LISBON - Monday's death of an Akron man from suspected natural causes was the 124th case investigated this year by the Columbiana County Coroner's Office, eclipsing the old record of 123 set in 2003.
"I'm telling you this is not looking good for us," said Brandi Phillips, chief coroner's investigator. "We still have two more months left, and November and December are usually busy."
The coroner's office has investigated between 90 to 110 questionable deaths per year on average over the past 10 years, and investigated 116 in 2012.
Phillips is at a loss to explain why the number has skyrocketed this year. While drug overdose deaths are up - with 20 confirmed overdose deaths so far this year compared to 16 for all of 2012 - it is not significant enough of an increase to have an impact on the overall number of cases. The number of homicides, suicides and traffic fatalities all are running slightly behind last year's figures.
"There really is no rhyme or reason," she said. "I wish I had a good answer for you."
Phillips offered two possible explanations, the first being an increase in the number of people dying without a family physician, who has the option of signing off on the cause of death if the death is believed due to natural causes because of the person's medical history and condition.
"A lot of people don't have a doctor because they don't have insurance or the money," she said. Without a family doctor to sign off on the cause of death, the matter is automatically referred to the coroner's office to make the determination.

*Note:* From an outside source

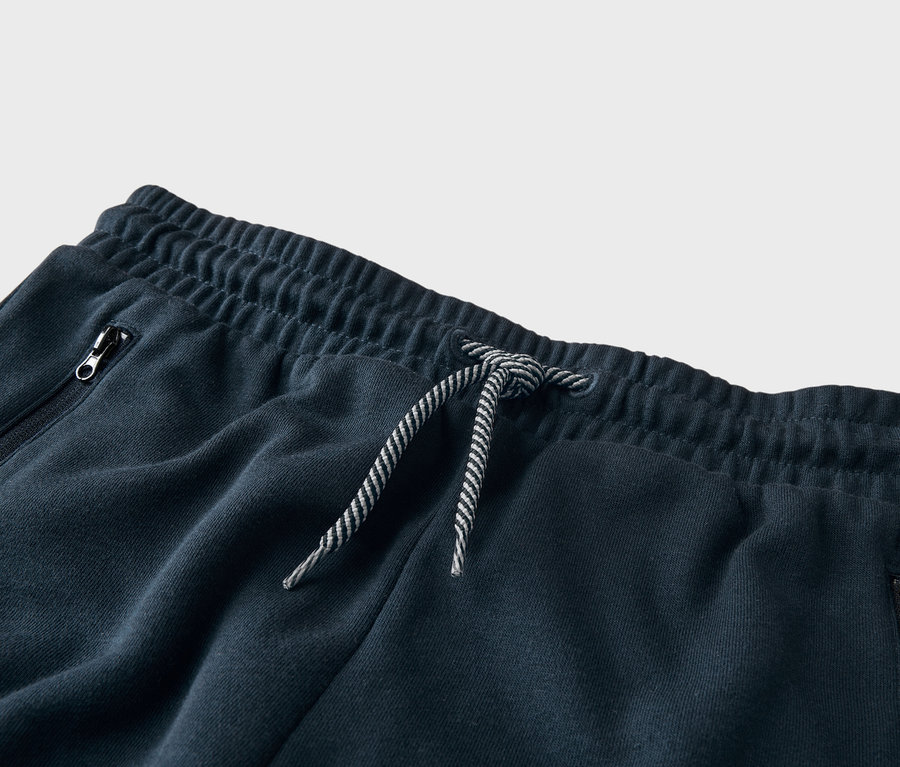 Detailní záběr na tmavě modré tepláky se stahovací šňůrkou a kapsou na zip.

Phillips said doctors are sometimes reluctant to sign off on a cause of death, depending on the circumstances. "Everyone's fearful of being sued and sometimes (doctors) are not comfortable signing it, and that's OK. That's what we're here for," she said.
Whatever the reasons, Phillips, coroner Dr. William Graham Jr., and deputy investigator Sunny Bowers are having a tough time keeping up with the record year.

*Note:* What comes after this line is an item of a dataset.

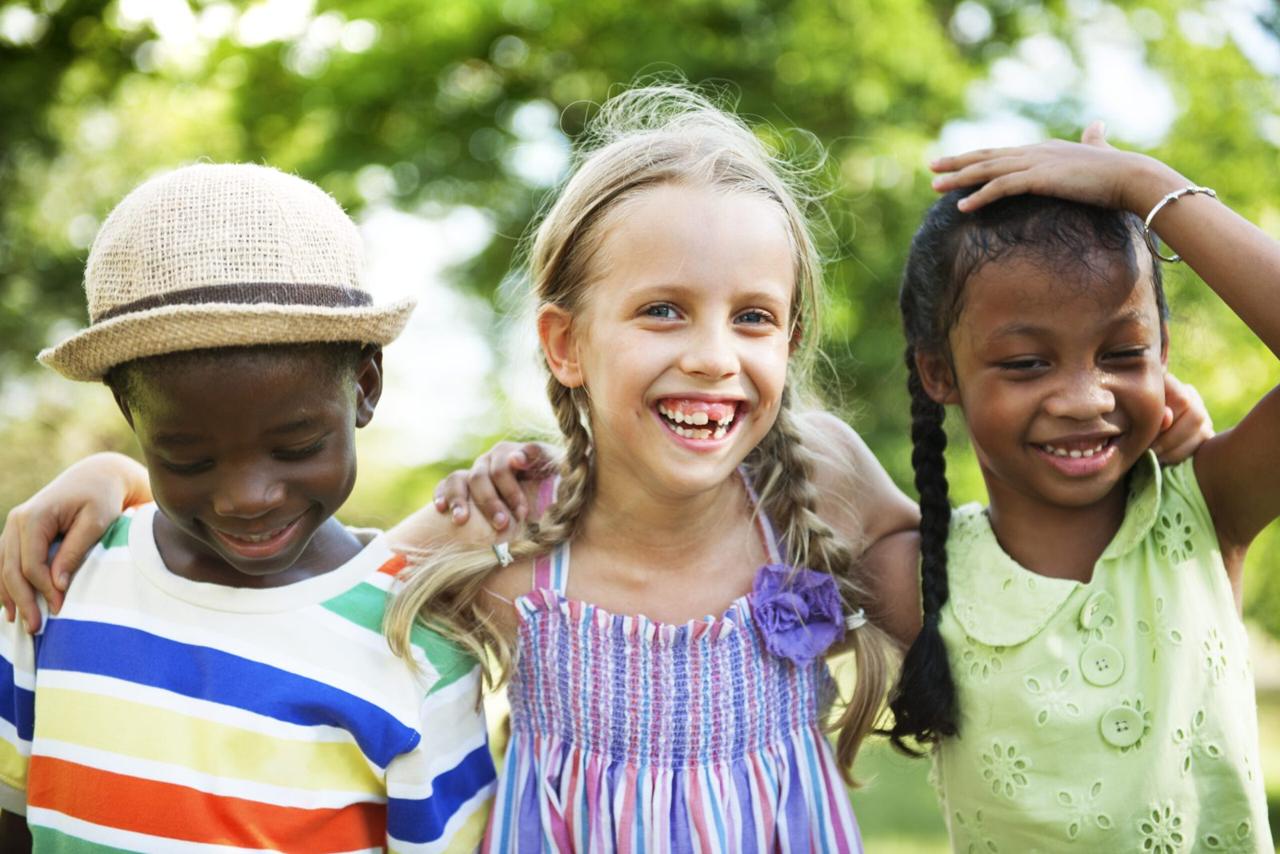 Four children in overalls and summer clothes smiling in a park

"We've not been able to catch our breath. When we do get caught up then something like Saturday happens," she said, referring to the death of Matthew Bailey from apparent blunt force trauma.
This was followed by the Akron man found dead in his camper in Butler Township on Monday. The 26-year-old man works at local gas well site, and there is no sign of foul play,
"Anything other than a natural death has to go through the coroner's office," Phillips said.
Fortunately, only a handful of coroner cases require a $1,230 autopsy, which is what the Summit County Coroner's Office charges for the service. The coroner's office makes the decision on a case-by-case basis, depending on the circumstances of the death, available medical records, and other information.
"Any suspicious death we take. There are some cases you automatically autopsy, like infants, any baby under the age of 2. That's state law," Phillips said.